GOAL OF THE EXERCISE => Please write out exactly the lines of the data below from the line holding "aruaikan diri atau adaptasi dengan" through the line holding "PANMAH - Square", and leave out the rest.

INPUT =>

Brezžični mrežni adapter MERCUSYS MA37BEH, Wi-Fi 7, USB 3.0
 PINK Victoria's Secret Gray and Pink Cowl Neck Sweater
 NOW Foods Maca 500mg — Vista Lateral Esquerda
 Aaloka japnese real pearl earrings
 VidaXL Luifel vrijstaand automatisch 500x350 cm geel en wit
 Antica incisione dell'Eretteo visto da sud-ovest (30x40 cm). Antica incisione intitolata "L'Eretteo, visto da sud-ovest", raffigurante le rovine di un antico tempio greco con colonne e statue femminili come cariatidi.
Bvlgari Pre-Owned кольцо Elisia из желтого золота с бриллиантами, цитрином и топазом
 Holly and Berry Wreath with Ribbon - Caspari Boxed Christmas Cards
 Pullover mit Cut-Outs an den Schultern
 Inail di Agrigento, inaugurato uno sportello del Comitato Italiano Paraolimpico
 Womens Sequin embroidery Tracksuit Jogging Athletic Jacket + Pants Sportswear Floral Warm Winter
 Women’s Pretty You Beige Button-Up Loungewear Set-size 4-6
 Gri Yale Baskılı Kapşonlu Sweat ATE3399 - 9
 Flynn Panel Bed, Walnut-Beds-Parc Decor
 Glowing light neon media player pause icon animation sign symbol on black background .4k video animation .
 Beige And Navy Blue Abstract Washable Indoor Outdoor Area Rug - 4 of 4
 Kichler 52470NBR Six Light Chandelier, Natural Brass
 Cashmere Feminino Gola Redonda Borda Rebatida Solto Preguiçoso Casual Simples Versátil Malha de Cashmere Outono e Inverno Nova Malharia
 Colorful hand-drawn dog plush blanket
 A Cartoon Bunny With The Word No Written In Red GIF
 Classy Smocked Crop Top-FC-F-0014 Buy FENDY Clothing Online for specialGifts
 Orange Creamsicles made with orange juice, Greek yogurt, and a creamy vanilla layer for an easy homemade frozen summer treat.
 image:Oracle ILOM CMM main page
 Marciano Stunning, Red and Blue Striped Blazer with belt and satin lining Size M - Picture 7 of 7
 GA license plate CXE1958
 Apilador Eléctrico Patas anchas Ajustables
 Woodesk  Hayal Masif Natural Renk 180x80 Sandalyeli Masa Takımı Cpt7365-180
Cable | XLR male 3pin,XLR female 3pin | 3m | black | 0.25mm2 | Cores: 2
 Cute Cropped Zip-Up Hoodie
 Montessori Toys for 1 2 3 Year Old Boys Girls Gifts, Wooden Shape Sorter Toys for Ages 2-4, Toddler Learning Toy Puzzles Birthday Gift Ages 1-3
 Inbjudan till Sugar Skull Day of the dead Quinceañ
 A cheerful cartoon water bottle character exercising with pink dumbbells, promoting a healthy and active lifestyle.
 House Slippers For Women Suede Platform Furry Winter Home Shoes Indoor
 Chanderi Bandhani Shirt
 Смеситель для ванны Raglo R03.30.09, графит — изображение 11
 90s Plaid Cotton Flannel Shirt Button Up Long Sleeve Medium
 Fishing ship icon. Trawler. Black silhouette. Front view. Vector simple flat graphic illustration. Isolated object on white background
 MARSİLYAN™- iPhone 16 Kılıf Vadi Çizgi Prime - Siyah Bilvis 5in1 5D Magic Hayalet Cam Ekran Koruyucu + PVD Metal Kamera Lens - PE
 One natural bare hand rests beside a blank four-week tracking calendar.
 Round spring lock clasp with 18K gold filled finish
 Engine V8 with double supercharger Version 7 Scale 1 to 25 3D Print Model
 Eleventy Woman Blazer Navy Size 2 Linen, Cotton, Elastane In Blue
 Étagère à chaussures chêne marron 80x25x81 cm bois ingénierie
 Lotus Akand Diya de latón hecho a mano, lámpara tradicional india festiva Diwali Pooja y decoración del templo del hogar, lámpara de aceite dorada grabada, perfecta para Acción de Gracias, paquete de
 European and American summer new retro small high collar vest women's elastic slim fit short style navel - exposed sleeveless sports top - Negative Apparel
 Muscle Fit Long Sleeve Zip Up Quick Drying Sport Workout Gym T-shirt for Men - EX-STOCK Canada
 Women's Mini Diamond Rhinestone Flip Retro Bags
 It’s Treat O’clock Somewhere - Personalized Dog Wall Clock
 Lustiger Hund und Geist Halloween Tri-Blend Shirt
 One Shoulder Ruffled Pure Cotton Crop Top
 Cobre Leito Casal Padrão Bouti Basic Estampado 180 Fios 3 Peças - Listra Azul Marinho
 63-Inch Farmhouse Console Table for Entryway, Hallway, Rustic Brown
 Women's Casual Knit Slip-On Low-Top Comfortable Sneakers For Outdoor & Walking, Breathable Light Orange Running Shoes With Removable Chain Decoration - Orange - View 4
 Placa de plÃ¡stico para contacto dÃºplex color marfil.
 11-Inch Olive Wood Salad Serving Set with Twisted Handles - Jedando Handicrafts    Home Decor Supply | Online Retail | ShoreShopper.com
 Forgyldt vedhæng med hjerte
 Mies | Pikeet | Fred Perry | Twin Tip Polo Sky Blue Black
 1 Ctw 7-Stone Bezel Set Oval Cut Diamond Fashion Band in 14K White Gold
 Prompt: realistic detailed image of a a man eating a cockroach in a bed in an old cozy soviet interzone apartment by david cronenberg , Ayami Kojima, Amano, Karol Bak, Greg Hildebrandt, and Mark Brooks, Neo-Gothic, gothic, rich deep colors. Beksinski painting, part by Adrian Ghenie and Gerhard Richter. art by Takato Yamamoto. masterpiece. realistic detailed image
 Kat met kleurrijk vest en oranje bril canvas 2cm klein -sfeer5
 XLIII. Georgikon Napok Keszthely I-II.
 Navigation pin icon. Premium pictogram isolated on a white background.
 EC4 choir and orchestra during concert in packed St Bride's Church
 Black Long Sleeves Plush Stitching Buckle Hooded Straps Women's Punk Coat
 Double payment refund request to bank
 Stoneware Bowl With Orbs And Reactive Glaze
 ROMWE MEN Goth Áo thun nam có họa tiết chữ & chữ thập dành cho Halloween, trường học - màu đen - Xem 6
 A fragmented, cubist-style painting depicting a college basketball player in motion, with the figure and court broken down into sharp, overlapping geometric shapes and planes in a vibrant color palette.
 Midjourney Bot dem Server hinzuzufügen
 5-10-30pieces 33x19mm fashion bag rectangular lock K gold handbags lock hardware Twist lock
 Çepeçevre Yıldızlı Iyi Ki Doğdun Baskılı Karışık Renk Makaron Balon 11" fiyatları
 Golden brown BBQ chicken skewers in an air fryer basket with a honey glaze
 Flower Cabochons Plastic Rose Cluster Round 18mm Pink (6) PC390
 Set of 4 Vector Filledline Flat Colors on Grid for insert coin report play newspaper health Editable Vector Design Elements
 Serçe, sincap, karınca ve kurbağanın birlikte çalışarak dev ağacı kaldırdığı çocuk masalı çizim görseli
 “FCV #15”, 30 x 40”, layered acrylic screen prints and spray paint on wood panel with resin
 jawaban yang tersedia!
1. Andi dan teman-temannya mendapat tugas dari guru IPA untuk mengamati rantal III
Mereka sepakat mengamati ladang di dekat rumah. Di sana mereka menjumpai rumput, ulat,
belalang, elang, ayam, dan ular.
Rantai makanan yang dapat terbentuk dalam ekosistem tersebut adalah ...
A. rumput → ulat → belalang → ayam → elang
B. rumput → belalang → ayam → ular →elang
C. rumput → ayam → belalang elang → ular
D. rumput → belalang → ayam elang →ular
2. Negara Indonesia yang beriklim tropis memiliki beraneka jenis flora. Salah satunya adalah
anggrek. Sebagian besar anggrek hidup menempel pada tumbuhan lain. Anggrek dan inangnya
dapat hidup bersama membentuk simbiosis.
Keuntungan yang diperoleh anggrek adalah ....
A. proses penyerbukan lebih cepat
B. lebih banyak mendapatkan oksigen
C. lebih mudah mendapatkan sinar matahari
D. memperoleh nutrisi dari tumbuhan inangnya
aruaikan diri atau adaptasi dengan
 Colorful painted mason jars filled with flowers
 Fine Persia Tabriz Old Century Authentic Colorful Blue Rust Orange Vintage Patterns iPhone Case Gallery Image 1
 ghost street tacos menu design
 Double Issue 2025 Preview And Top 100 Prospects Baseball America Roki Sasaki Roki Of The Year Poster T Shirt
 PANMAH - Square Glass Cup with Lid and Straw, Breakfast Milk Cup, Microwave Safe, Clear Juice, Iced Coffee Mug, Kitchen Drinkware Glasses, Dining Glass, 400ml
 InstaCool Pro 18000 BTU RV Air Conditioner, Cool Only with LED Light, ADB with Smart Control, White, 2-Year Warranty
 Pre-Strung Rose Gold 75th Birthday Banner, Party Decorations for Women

ANSWER SPACE =>
aruaikan diri atau adaptasi dengan
 Colorful painted mason jars filled with flowers
 Fine Persia Tabriz Old Century Authentic Colorful Blue Rust Orange Vintage Patterns iPhone Case Gallery Image 1
 ghost street tacos menu design
 Double Issue 2025 Preview And Top 100 Prospects Baseball America Roki Sasaki Roki Of The Year Poster T Shirt
 PANMAH - Square Glass Cup with Lid and Straw, Breakfast Milk Cup, Microwave Safe, Clear Juice, Iced Coffee Mug, Kitchen Drinkware Glasses, Dining Glass, 400ml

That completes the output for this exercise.